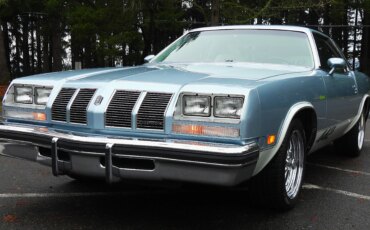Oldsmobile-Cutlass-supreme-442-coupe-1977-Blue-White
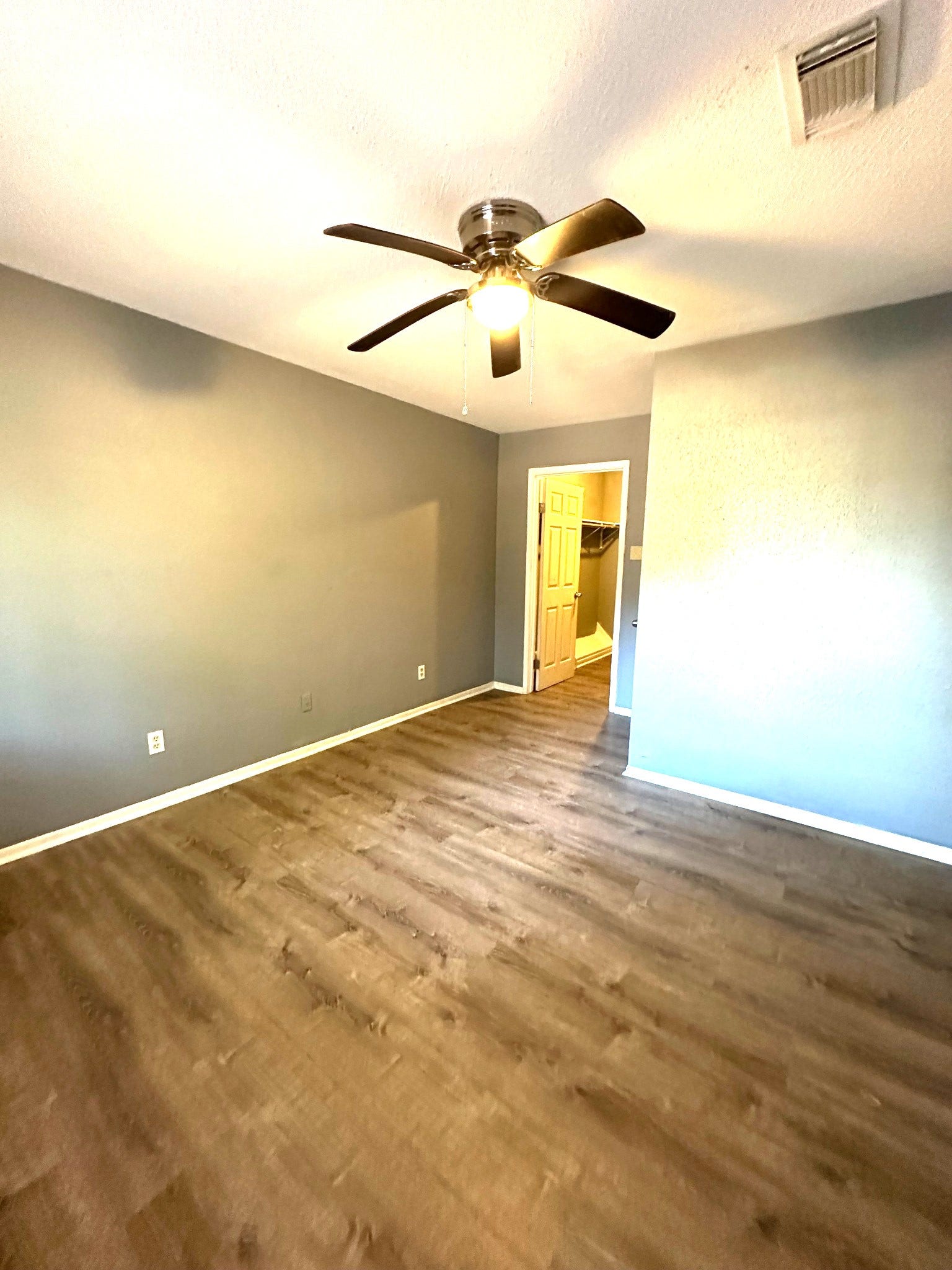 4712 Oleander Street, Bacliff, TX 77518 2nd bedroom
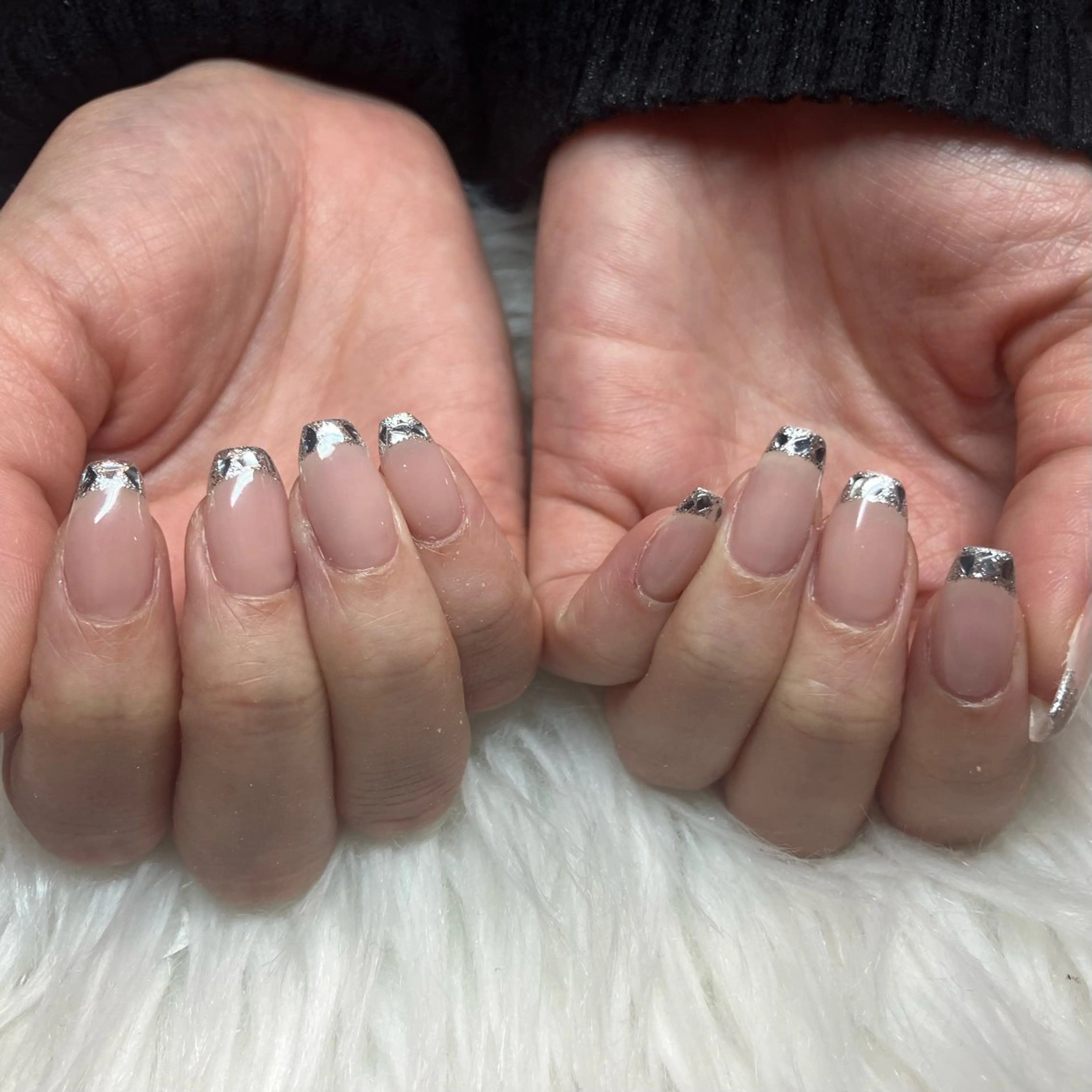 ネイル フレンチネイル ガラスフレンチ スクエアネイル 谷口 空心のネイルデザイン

=====

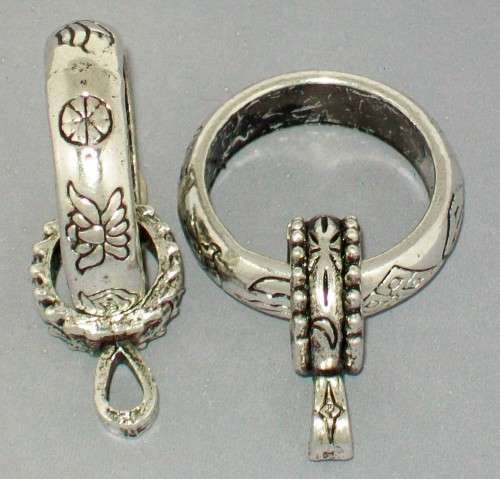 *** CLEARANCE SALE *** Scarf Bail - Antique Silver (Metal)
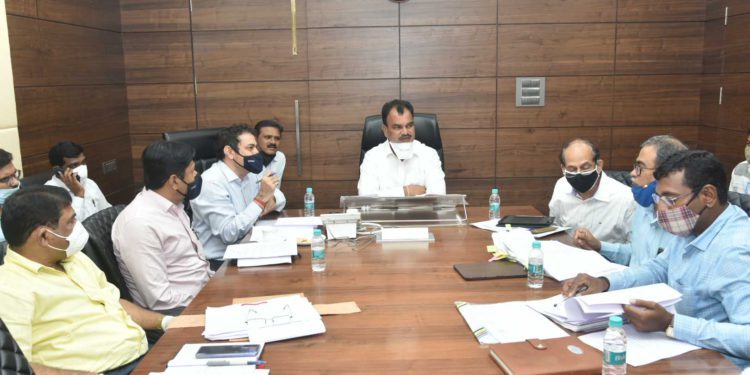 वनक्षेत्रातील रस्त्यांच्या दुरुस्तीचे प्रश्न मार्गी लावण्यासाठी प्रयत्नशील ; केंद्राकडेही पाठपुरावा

=====

Print everything from the line with "4712 Oleander Street, Bacliff, TX" down to the line with "ネイル フレンチネイル ガラスフレンチ スクエアネイル 谷口 空心のネイルデザイン" in the entries above, both lines included and nothing more, without the pictures.

 4712 Oleander Street, Bacliff, TX 77518 2nd bedroom
 ネイル フレンチネイル ガラスフレンチ スクエアネイル 谷口 空心のネイルデザイン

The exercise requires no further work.